For the past several weeks, I was completely and blissfully lost in a great book. Each evening, I anxiously rejoined the characters in Christy Leskovar’s One Night in a Bad Inn (Pictorial Histories Publishing, 2006, 608 pages, 200 photos, 6 maps, paperback ISBN 978-1-57510-142-2). It’s been a while since I was so absolutely transported to another place and time. It was a let down when I came to the acknowledgments and notes at the end.
An engineer, Leskovar left her job to research a series of family scandals, about which she had only the briefest of details. The quest began decades after the fact, ignited by a family member who casually mentioned Leskovar’s great-grandmother having been arrested for murdering her husband. The year was 1912; homesteaders were settling the remote recesses of Rosebud County, Montana. Eight years later, after traveling to every location where anything significant happened, Leskovar published the true story. It was a 2007 High Plains Best New Book Award finalist for first time authors. (Read an excerpt: http://www.onenightinabadinn.com/OneNight_ix-x.pdf)

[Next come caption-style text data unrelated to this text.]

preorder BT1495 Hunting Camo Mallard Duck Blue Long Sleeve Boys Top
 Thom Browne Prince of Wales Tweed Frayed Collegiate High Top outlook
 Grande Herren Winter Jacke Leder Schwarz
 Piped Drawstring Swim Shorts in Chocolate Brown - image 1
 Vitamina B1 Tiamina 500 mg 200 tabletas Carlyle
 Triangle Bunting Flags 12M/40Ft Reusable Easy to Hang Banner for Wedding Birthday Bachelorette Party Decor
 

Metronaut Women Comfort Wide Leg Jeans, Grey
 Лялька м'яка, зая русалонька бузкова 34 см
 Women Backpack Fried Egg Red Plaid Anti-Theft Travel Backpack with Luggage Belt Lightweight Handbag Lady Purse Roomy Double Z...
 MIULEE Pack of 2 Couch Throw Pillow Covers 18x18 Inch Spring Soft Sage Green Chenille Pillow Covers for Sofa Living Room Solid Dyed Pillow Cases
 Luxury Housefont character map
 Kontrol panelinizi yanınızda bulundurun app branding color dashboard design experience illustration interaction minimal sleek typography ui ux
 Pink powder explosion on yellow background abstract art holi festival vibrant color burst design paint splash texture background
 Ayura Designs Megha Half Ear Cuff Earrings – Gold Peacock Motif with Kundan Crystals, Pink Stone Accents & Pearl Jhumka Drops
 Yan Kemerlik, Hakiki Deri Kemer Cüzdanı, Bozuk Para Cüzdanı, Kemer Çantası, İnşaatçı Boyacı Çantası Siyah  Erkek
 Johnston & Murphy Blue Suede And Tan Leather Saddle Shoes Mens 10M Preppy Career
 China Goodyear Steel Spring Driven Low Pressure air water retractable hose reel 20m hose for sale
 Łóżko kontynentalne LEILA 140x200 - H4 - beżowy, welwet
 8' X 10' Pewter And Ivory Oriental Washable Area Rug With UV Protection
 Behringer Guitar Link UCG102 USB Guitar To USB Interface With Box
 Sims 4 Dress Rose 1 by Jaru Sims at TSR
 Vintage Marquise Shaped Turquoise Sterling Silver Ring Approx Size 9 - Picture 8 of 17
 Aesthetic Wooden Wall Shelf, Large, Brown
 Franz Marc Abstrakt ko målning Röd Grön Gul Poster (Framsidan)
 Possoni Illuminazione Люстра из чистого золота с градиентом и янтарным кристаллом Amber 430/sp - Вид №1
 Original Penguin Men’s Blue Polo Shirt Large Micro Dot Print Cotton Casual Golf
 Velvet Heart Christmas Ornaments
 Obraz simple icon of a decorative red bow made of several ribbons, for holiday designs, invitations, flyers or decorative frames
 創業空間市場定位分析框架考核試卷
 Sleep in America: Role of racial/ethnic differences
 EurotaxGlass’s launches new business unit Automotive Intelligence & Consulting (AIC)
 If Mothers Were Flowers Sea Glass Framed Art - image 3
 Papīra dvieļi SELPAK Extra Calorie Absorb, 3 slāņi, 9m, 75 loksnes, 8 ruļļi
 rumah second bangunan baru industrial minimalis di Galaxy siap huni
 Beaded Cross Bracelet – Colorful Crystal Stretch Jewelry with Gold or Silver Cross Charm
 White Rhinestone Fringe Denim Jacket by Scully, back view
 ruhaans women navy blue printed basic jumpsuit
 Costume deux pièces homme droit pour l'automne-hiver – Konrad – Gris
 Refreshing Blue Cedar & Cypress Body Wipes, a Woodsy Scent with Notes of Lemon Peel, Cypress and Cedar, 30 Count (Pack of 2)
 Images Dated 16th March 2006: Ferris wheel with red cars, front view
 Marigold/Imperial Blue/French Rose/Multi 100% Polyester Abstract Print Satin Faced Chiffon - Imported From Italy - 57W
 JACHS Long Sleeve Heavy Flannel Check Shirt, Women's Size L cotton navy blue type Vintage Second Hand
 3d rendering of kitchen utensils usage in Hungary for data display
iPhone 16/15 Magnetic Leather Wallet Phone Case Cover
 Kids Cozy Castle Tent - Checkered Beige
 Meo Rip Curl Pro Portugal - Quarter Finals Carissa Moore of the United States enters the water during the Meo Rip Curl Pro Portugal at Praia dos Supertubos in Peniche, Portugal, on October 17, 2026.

One Night in a Bad Inn is described succinctly as, “A lively true story of scandal, war, murder, and mayhem, and courage and fortitude, stretching across the parched plains of eastern Montana to the raucous mining town of Butte to the bloody battlefields of the First World War” (www.onenightinabadinn.com). It’s all that and a Montana-and-world-history lesson too. I am in awe of Leskovar’s tenacity and devotion to the project. As I write, she is finishing a second manuscript, this one detailing the detective work behind her award-winning book. (Listen to a Montana Public Radio interview with the author: http://www.onenightinabadinn.com/Leskovar.mp3)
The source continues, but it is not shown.